Op een grasveldje ligt een vrouw tussen de hondenpoep. Het is vroeg in de ochtend, het is koud en miezert. Will van Schendel is op weg van haar auto naar haar kantoor in Amsterdam-Noord. Ze wil snel doorlopen, maar dan bedenkt ze zich: Van Schendel wat doe je nou?
‘Gaat het wel goed met je?’, vraagt ze aan de vrouw in het gras. Een scheldkanonnade volgt: ‘Vuile kankerhoer, gore teringtrut! Sodemieter op!’ Will deinst terug en zegt: ‘Ik wil alleen maar weten of het goed met je gaat.” “Bemoei je met je eigen zaken!’, schreeuwt de vrouw. ‘Wil je een kop koffie?’, vraagt Will. De vrouw gaat rechtop zitten. Nou, koffie wil ze wel. Will neemt haar mee naar binnen, de vrouw krijgt koffie en een warme douche. Dan gaat ze weer.
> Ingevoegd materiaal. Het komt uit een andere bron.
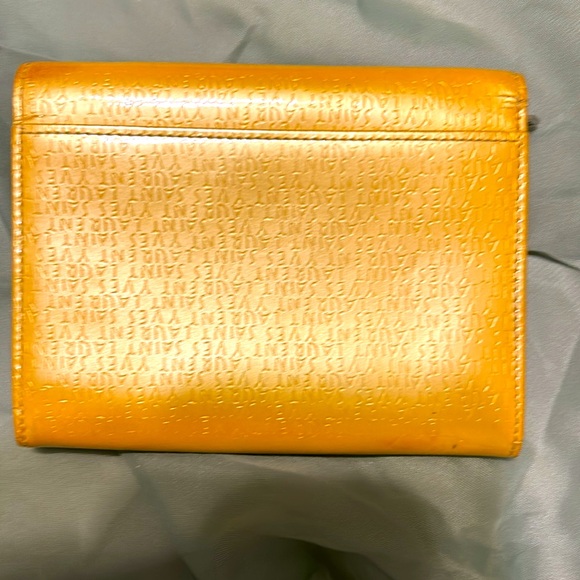 YSL Patent BI-Fold Wallet - Picture 3 of 9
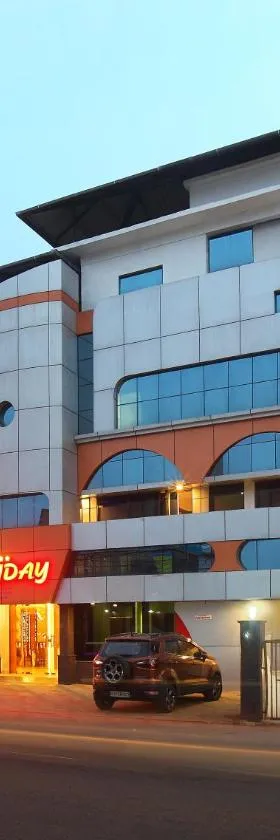 Hotel Heyday，位于Pathanāmthitta的酒店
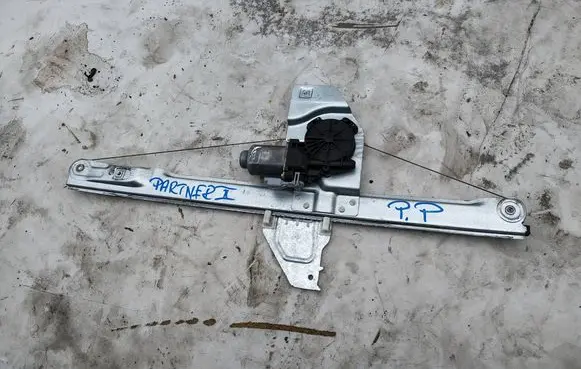 Peugeot Partner Front door electric window regulator 402104B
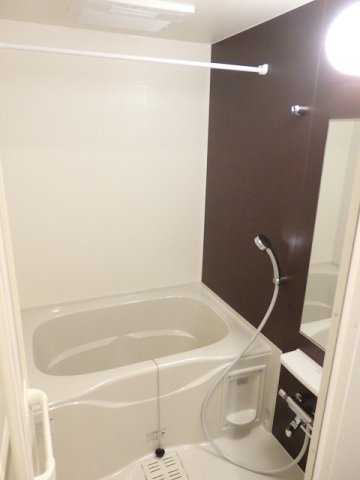 バス・シャワールーム　ゆったり過ごせるお風呂です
Dat was een jaar geleden. Deze week kwam dezelfde vrouw weer binnenlopen. Ze zei tegen de baliemedewerkster: ‘Vorig jaar was ik hier ook, een aardige mevrouw had me binnengehaald. Het ging toen zo slecht me.’
In haar werkkamer bij Doras, de organisatie voor maatschappelijk werk in Amsterdam-Noord, zet Will van Schendel haar bril af en schenkt nog eens thee uit een thermoskan. ‘Dit verhaal is in een notendop waarom ons werk zo nodig is. En ja, soms gaat het gepaard met gescheld en geschreeuw. Soit. Maar het is niet persoonlijk. Het is nooit persoonlijk.’
Will van Schendel (57) is directeur-bestuurder van De Sociale Maatschap, een koepelorganisatie waaronder verschillende Amsterdamse stichtingen vallen voor maatschappelijke dienstverlening, welzijn, ouderenzorg en schuldhulpverlening. Het grotere publiek kent haar als de charmante maar o zo kordate directeur uit de bejubelde Human-documentaire Schuldig. Daarin maakt ze zich hard voor een gezin uit Amsterdam-Noord dat uit huis is gezet wegens een huurschuld. Ze verontschuldigt zich: de documentaire gaf een verkeerd beeld van haar werk, in het echte leven praat ze niet zelf met de cliënten. Dat doen haar onvolprezen hulpverleners. Zij houdt zich vooral bezig met beleid. “Maar ik zie ons als een voetbalteam waarin de keeper en de spits net zo belangrijk zijn als de trainer en de reserveman op de bank. Ik volg dezelfde cursussen als mijn medewerkers, zodat ik weet waar zij het over hebben. Niet voor niets luidt ons motto: ‘Ik zie jou, ik sta naast jou, samen maken wij het verschil.” Dat geldt voor de organisatie, maar het is ook leidend in onze aanpak van onze cliënten.’